3D printing can be considered an art if we take into account the designing and creativity that goes into making 3D printed object. So can we conserve a 3D printed object? The traditional artwork is made of wood, metal, or stone. Ways have been devised over the years to conserve these art forms. But will 3D printed objects stand the test of time?
Researchers at the UCL institute of Heritage art at the University College of London are working on how to preserve 3D printed objects. They have teamed up with Tom Lomax, an engineer aka artist to research on this subject. For this purpose, Lomax has designed an ’Out of Cauldron’, a digital alchemy, which is completely 3D printed and can be downloaded for free.
The tests were performed on creating the ’Out of Cauldron’ using different materials to test their strength. It was discovered that many of the materials used by artists to create 3D printed products were breakable and would not survive for long years.
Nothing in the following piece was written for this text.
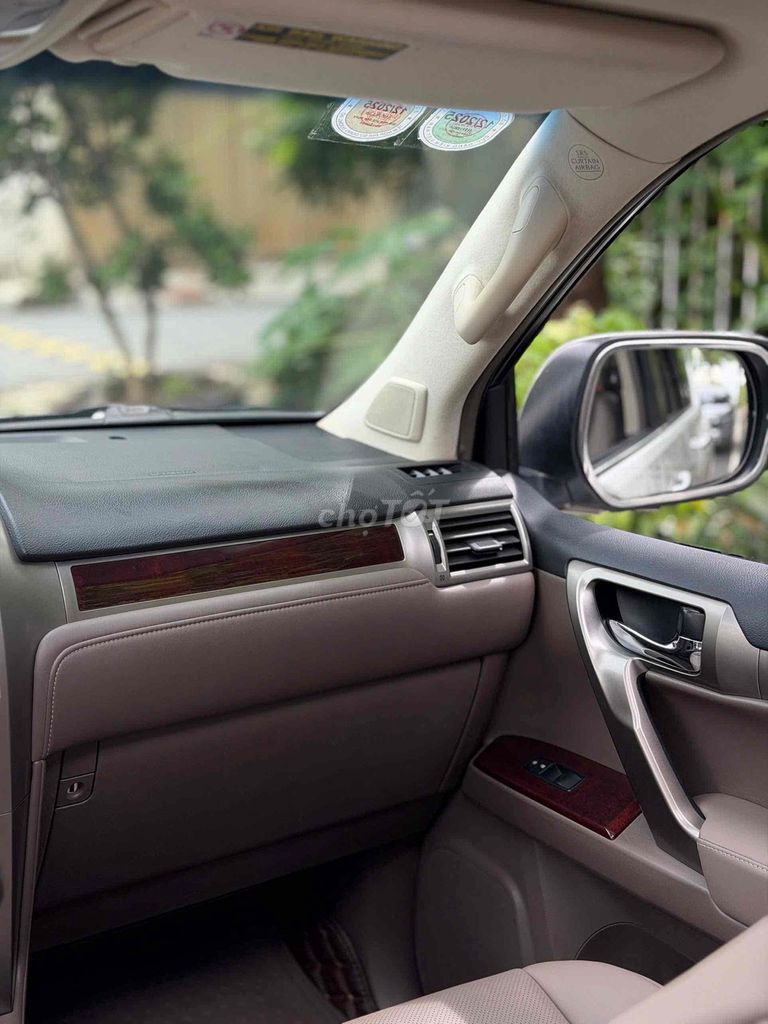 Lexus GX 2015 460 - 160000 km. Mua bán Ô tô tại Quận 7 Tp Hồ Chí Minh được đăng bởi Cường Lục hình 12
NANORESTART is a project of nanotechnologies and contemporary art, funded by the Horizon 2020, a mammoth EU Research and Innovation program. NANORESTART is aimed at preserving the modern form of art. Various art conservation methods, like a sunblock type of coating to help protect artwork from the fatal effects of sunlight, are being incorporated. Lomax’s ‘Out of the Cauldron’ also feature sin NANORESTART. Carolien Coon, the lead researcher at the UCL Institute for Sustainable Heritage, is currently working on this project.
Researchers at the UCL and the Victoria & Albert Museum will exchange ideas for digital art preservation. A yearlong ‘Design with Heritage’ Initiative by the Arts and Humanties Research Council (AHRC) was conducted for conservation efforts of art pieces. The paper ‘Preserving Rapid Prototypes: A Review’ was published this week in Heritage Science by the UCL team, It includes open access to Lomax’s artwork which can be downloaded for free.